What needs to be done:
From the records below, output exactly the lines starting at the line with "Building Photo - 3" and ending at the line with "Ciondolo natalizio a", both of them included, but no pictures.

*** Opening Data extract ***

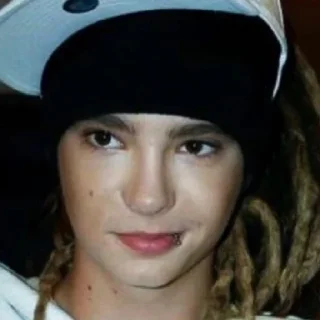 😏 emoji Tom Kaulitz ❣️ Telegram sticker 15 of 48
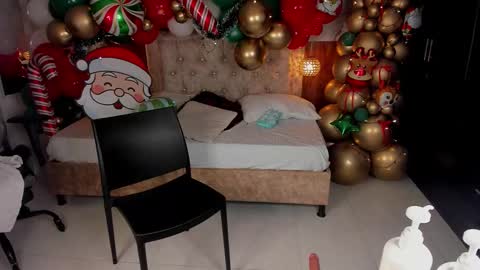 Violett online show from December 13, 2025, 8:14 pm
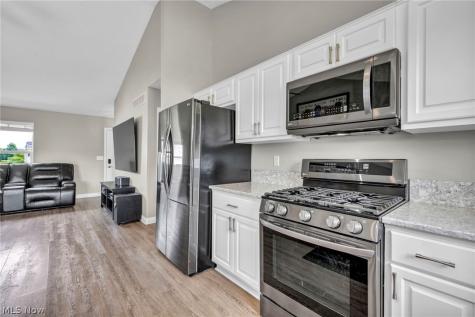 6108 Greenview Trail North Ridgeville OH 44039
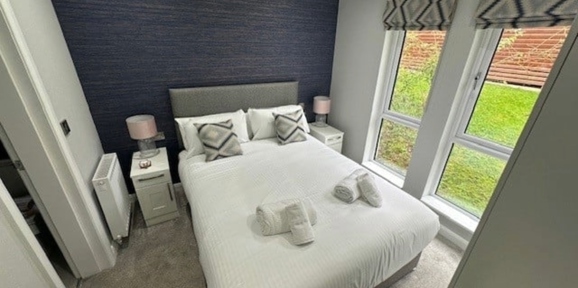 Kentmere Super, master bedroom at Finlake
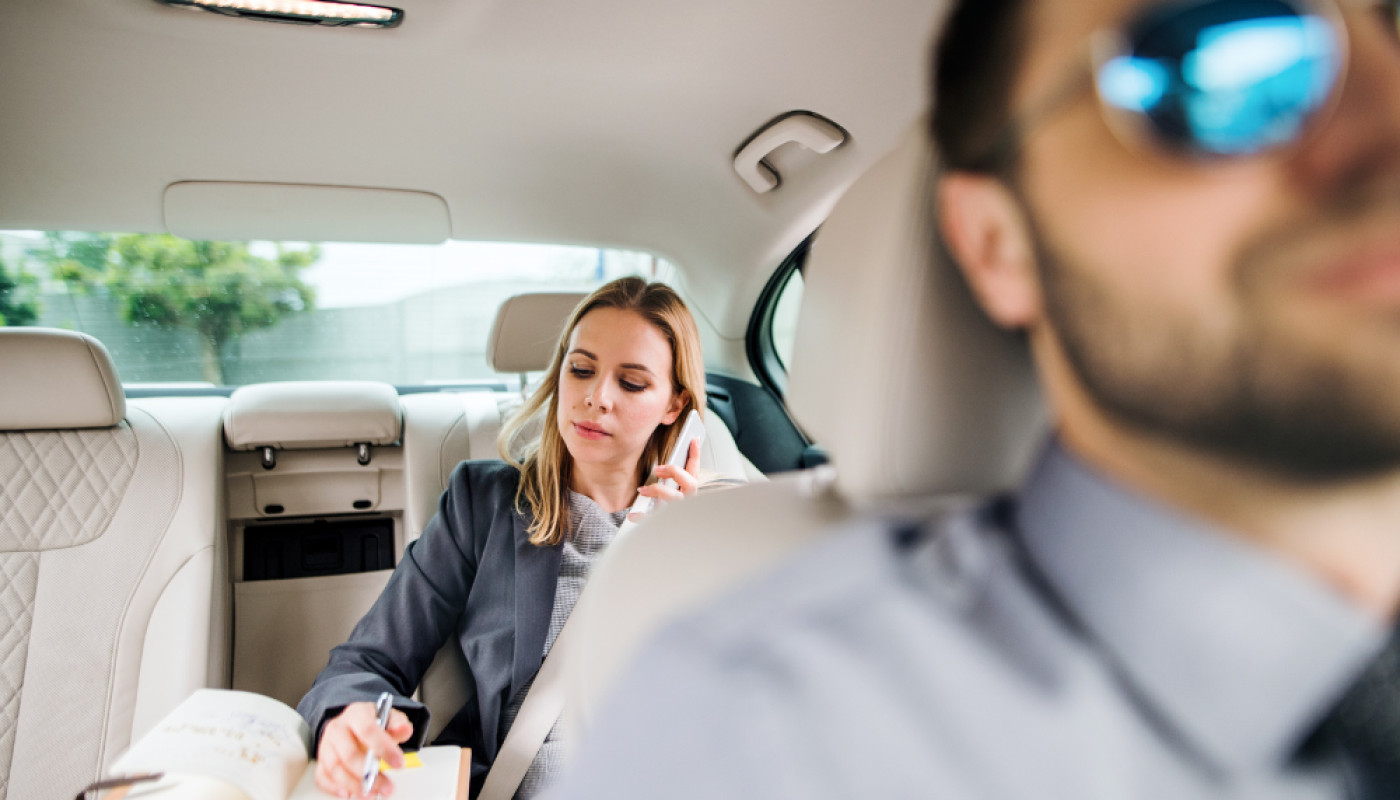 Book a Nice transfer airport with a private driver !
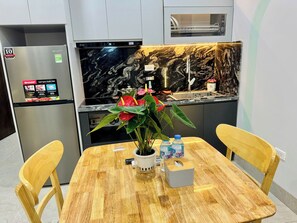 Apartemen Superior, 1 Tempat Tidur King | Tempat makan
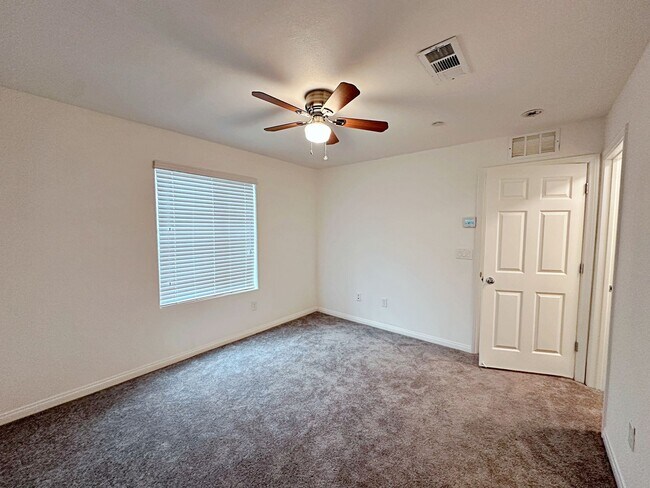 Building Photo - 3 BEDROOM TOWNHOME IN GATED COMMUNITY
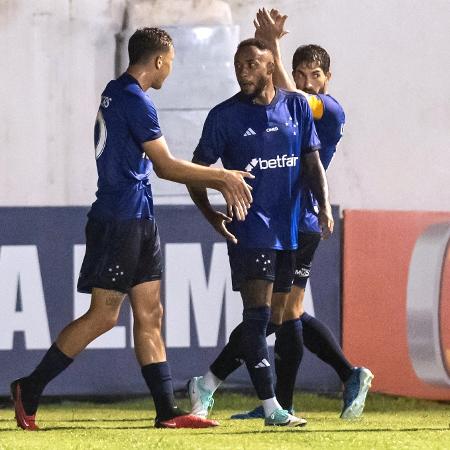 Jogadores do Cruzeiro celebram gol sobre o Villa Nova em jogo do Campeonato Mineiro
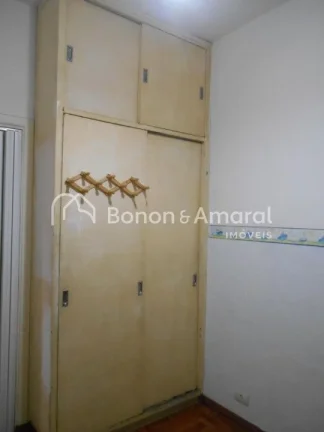 Imagem Casa grande e confotável à venda no tradicional e bem conceituado bairro Vila Nogueira, localizado...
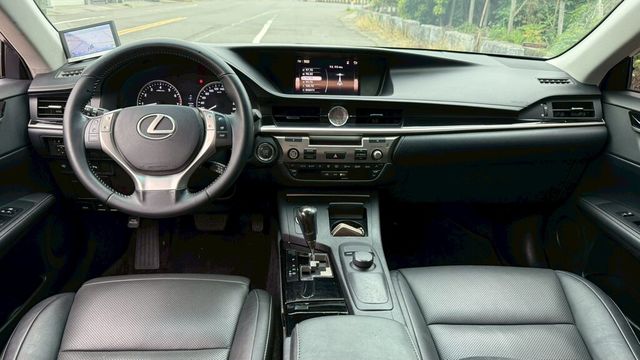 LEXUS凌志 ES250  第5張相片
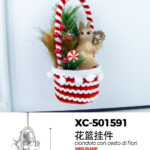 Ciondolo natalizio a forma di cestino con scoiattolo adatto per alberi o porte dimensioni 8x18cm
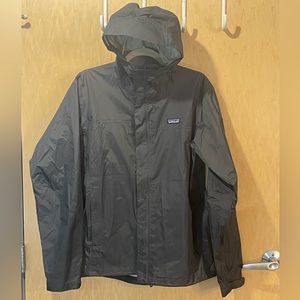 Men’s Patagonia XL shell rain jacket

*** Closing Data extract ***

Response below:
 Building Photo - 3 BEDROOM TOWNHOME IN GATED COMMUNITY
 Jogadores do Cruzeiro celebram gol sobre o Villa Nova em jogo do Campeonato Mineiro
 Imagem Casa grande e confotável à venda no tradicional e bem conceituado bairro Vila Nogueira, localizado...
 LEXUS凌志 ES250  第5張相片
 Ciondolo natalizio a forma di cestino con scoiattolo adatto per alberi o porte dimensioni 8x18cm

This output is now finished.